EXERCISE AIM
Every line below between the one holding "Marks and Spencer" and the one holding "Fender Telecaster '52", inclusive, should be copied exactly, and no other line.

Source records
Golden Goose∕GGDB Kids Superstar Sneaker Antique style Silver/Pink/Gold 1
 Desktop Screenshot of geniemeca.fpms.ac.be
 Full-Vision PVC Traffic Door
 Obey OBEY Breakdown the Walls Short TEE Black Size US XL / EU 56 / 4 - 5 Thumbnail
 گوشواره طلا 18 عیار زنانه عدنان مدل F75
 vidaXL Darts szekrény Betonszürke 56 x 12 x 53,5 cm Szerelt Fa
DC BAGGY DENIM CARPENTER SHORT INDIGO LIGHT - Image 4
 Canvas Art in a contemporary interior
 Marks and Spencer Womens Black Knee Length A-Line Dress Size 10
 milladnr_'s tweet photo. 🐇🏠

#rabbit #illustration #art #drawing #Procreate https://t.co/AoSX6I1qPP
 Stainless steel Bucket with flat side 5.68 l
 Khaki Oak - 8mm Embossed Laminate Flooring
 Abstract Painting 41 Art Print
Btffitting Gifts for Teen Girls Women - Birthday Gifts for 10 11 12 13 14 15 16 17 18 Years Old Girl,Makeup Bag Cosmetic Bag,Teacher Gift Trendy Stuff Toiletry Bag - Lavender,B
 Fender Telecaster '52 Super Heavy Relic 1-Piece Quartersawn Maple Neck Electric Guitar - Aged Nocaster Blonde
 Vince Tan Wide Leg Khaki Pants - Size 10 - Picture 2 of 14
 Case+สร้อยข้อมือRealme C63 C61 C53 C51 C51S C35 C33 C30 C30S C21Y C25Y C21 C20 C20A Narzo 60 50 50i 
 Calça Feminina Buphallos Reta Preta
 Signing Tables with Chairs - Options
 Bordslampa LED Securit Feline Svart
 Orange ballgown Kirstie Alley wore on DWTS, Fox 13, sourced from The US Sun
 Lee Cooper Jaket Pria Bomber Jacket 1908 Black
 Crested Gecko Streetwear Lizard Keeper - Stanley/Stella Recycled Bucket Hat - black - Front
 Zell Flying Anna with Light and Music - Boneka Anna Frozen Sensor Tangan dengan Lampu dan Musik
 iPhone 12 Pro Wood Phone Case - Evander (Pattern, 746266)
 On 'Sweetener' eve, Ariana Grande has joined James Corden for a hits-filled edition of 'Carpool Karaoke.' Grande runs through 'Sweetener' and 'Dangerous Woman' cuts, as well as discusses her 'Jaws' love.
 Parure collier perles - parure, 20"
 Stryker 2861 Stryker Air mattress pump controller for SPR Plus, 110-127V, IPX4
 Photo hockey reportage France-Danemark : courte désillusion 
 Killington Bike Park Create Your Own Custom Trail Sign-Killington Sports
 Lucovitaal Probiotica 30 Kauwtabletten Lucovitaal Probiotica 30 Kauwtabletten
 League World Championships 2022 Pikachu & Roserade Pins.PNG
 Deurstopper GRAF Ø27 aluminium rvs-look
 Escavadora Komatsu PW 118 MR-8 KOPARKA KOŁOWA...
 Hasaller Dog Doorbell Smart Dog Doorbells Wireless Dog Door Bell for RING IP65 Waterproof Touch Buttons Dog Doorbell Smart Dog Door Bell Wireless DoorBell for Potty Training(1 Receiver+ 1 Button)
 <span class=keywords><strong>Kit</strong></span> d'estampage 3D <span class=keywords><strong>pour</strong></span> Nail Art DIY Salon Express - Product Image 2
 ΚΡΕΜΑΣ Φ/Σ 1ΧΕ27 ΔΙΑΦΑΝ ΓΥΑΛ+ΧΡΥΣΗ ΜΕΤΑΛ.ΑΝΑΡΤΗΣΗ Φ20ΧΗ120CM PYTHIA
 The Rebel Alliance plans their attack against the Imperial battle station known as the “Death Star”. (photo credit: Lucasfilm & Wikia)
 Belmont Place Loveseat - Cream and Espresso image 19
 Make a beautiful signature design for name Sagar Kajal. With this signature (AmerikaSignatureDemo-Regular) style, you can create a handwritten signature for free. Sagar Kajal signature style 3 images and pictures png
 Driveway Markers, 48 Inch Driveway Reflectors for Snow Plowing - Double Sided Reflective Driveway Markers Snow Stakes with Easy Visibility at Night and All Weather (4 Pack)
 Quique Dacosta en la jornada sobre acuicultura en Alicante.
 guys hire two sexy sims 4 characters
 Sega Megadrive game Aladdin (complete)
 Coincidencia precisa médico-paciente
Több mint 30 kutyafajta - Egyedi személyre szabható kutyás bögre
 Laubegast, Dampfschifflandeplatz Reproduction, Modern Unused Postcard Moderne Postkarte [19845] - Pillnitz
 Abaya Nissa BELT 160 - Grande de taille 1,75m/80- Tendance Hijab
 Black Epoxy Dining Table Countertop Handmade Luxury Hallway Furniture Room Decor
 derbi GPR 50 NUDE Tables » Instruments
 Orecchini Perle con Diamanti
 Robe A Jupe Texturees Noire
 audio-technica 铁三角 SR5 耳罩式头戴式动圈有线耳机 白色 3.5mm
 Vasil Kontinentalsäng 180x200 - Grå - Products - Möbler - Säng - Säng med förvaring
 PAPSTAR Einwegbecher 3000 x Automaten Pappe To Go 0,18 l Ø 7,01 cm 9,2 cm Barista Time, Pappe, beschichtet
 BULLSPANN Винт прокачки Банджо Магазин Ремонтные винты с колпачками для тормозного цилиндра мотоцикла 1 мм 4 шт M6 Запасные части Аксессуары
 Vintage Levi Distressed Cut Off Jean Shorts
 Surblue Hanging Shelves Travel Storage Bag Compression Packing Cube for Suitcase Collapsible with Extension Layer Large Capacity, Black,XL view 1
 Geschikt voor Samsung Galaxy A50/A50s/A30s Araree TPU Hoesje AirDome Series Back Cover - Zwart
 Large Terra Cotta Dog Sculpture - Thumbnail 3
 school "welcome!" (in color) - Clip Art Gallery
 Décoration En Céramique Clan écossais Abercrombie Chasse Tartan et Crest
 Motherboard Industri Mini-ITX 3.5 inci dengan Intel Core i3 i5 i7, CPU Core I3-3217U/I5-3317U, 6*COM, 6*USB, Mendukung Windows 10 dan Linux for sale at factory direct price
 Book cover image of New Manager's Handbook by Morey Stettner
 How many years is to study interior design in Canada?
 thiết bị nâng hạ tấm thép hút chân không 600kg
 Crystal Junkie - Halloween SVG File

SOLUTION FOR THIS EXERCISE
 Marks and Spencer Womens Black Knee Length A-Line Dress Size 10
 milladnr_'s tweet photo. 🐇🏠

#rabbit #illustration #art #drawing #Procreate https://t.co/AoSX6I1qPP
 Stainless steel Bucket with flat side 5.68 l
 Khaki Oak - 8mm Embossed Laminate Flooring
 Abstract Painting 41 Art Print
Btffitting Gifts for Teen Girls Women - Birthday Gifts for 10 11 12 13 14 15 16 17 18 Years Old Girl,Makeup Bag Cosmetic Bag,Teacher Gift Trendy Stuff Toiletry Bag - Lavender,B
 Fender Telecaster '52 Super Heavy Relic 1-Piece Quartersawn Maple Neck Electric Guitar - Aged Nocaster Blonde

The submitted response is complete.